A number of criticisms have been levelled against the reliability of dating by the Sothic cycle. Some are serious enough to be considered problematic. Firstly, none of the astronomical observations have dates that mention the specific pharaoh in whose reign they were observed, forcing Egyptologists to supply that information on the basis of a certain amount of informed speculation. Secondly, there is no information regarding the nature of the civil calendar throughout the course of Egyptian history, forcing Egyptologists to assume that it existed unchanged for thousands of years; the Egyptians would only have needed to carry out one calendar reform in a few thousand years for these calculations to be worthless. Other criticisms are not considered as problematic, e.g. there is no extant mention of the Sothic cycle in ancient Egyptian writing, which may simply be a result of it either being so obvious to Egyptians that it didn't merit mention, or to relevant texts being destroyed over time or still awaiting discovery.

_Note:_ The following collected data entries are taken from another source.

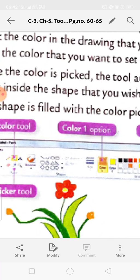For example, if you want to fill red color, you choose the red color, then come to the shape - say this flower - and click over it. The color will fill inside the shape. Next is the Color Picker tool.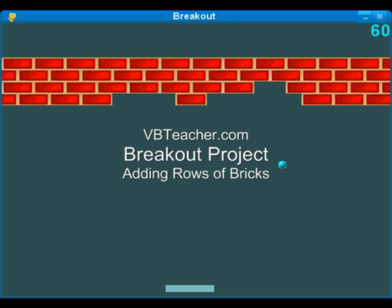Welcome back to thebabyteacher.com for section 5 of the breakout project. In this part, we'll be adding several rows of bricks to the project, and we should be able to have a fairly functional program when we're done. We hope you enjoy the fun.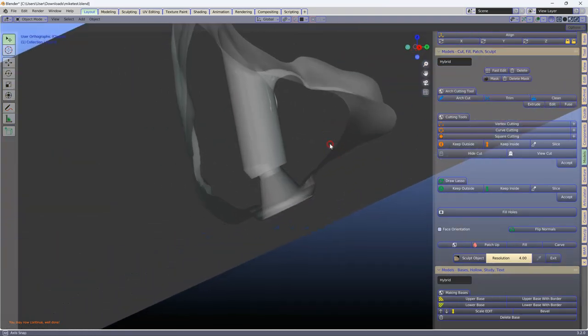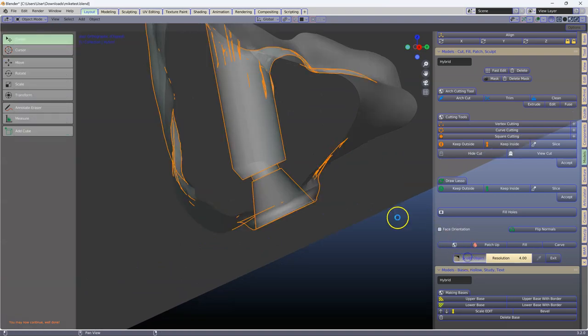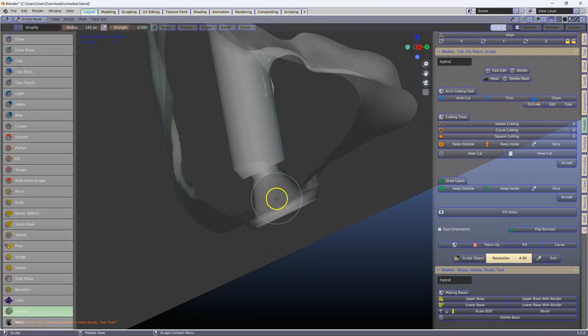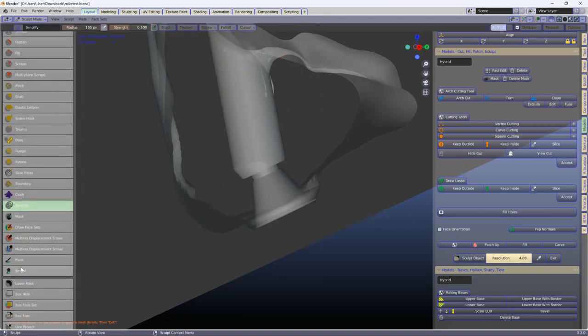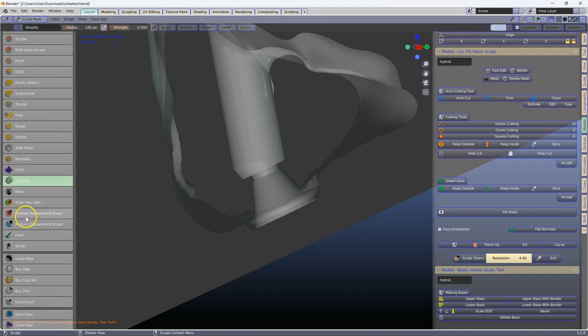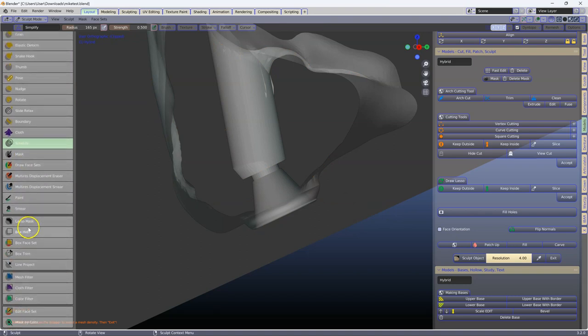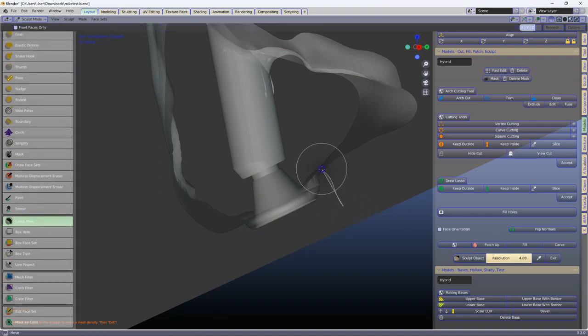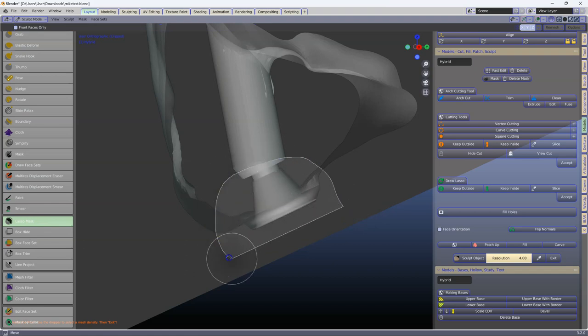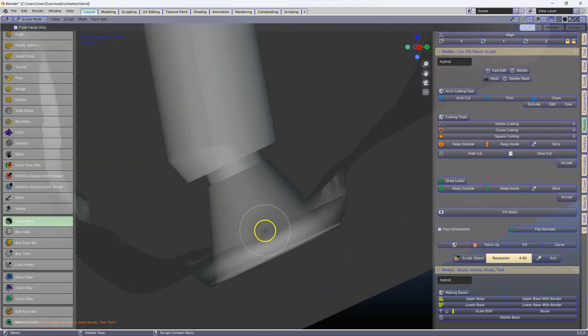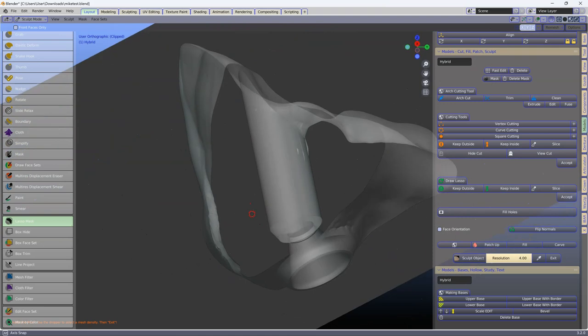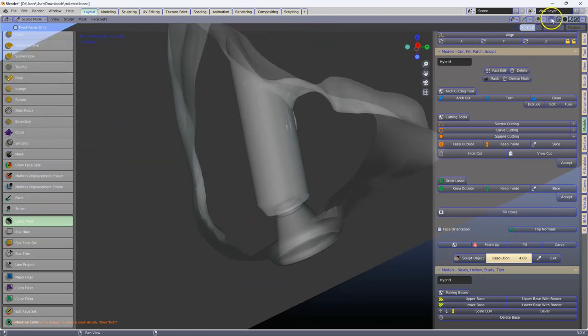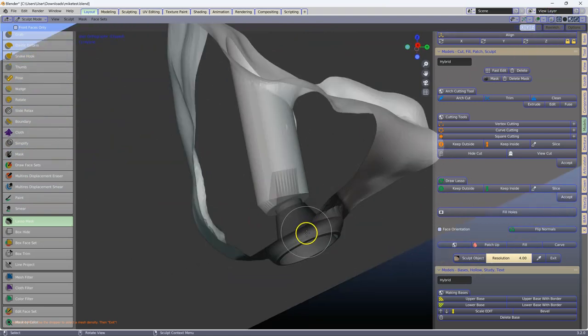Then I'm going to use the sculpt, go to the lasso mask, and we're going to create a lasso like this. And that will have masked this, we can see here, it's been masked.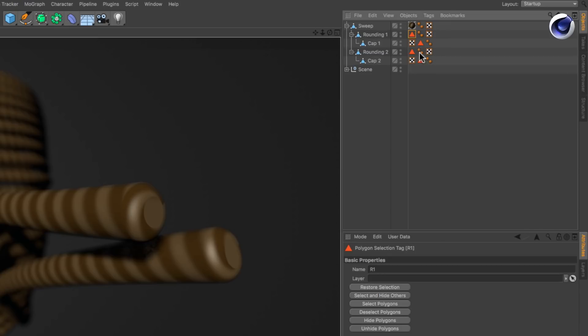Here we've got R1, C1, R2 and C2 which stand for the caps and roundings of both sides of the sweep.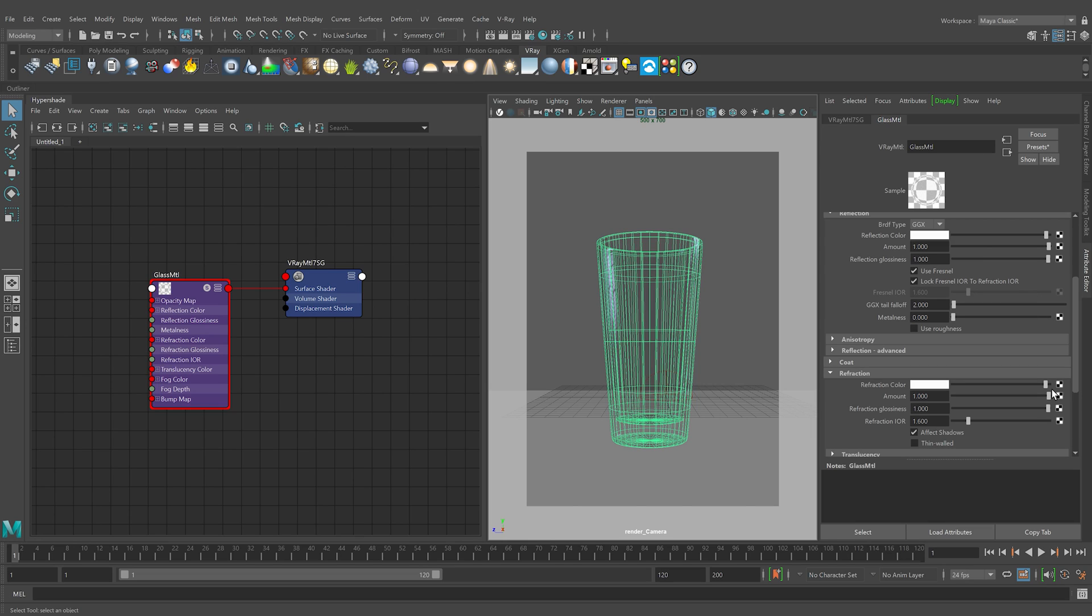Standard glass has an index of refraction of 1.51714. The index of refraction stands for how the material refracts the transmitted light. Air has an IOR of 1, which means it is no obstacle for light transmission. Let's set the IOR of this material to 1.517.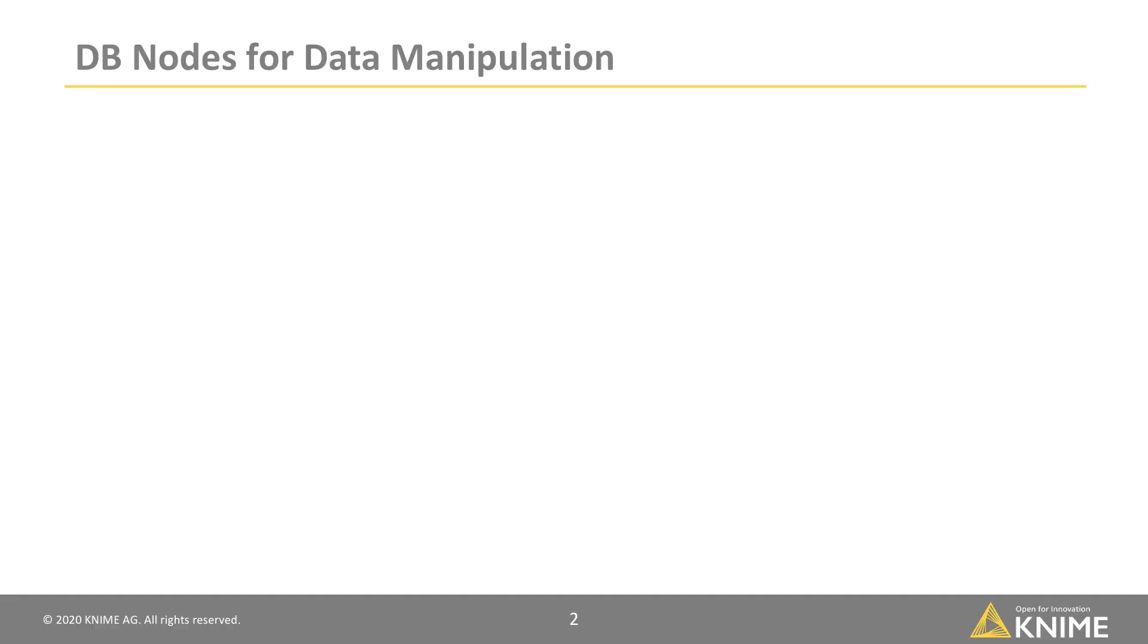In this video, we explain how to perform ETL operations directly on a database in a KNIME workflow.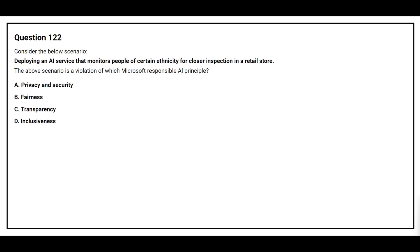Question number 122. Consider the below scenario: Deploying an AI service that monitors people of certain ethnicity for closer inspection in a retail store. The above scenario is a violation of which Microsoft Responsible AI principle? Option A: Privacy and security. Option B: Fairness. Option C: Transparency. Option D: Inclusiveness. The correct answer is Option B: Fairness.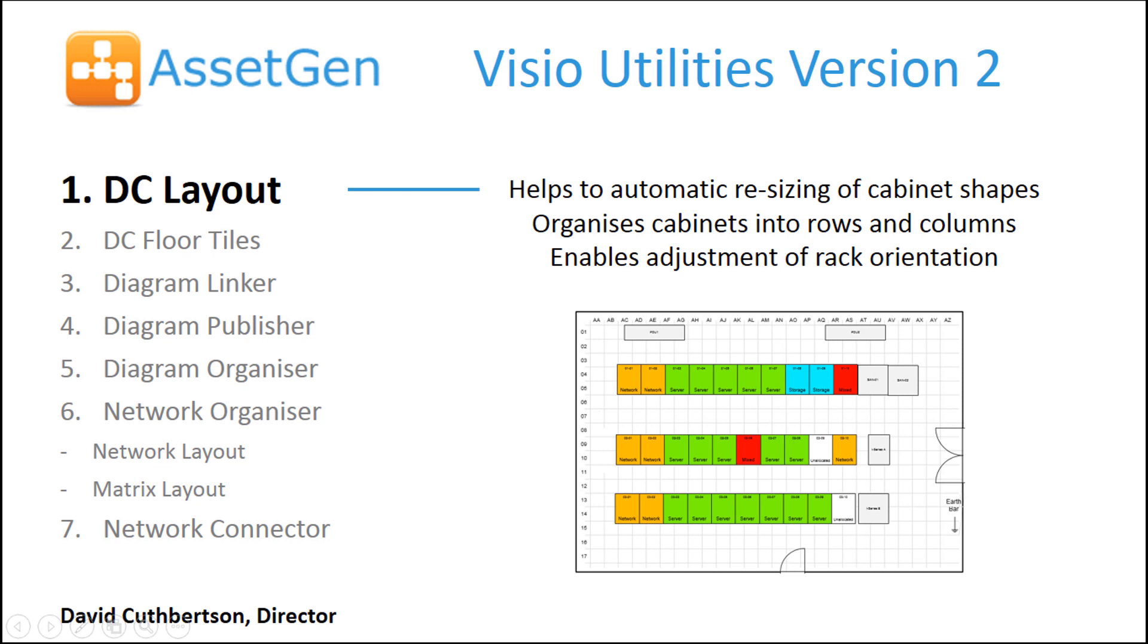Hi, my name is Dave Cuthbertson. I'm a director at AssetGen and I'm here to show you the DC layout module of our Visio Utilities version 2.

Marc Van de Mieroop, in his discussion of chronology and dating, does not mention the Sothic cycle at all, and asserts that the bulk of historians nowadays would consider that it is not possible to put forward exact dates earlier than the 8th century BCE.

Some have recently claimed that the Theran eruption marks the beginning of the Eighteenth Dynasty, due to Theran ash and pumice discovered in the ruins of Avaris, in layers that mark the end of the Hyksos era. Because the evidence of dendrochronologists indicates the eruption took place in 1626 BCE, this has been taken to indicate that dating by the Sothic cycle is off by 50–80 years at the outset of the 18th Dynasty. Claims that the Thera eruption is described on the Tempest Stele of Ahmose I have been disputed by writers such as Peter James.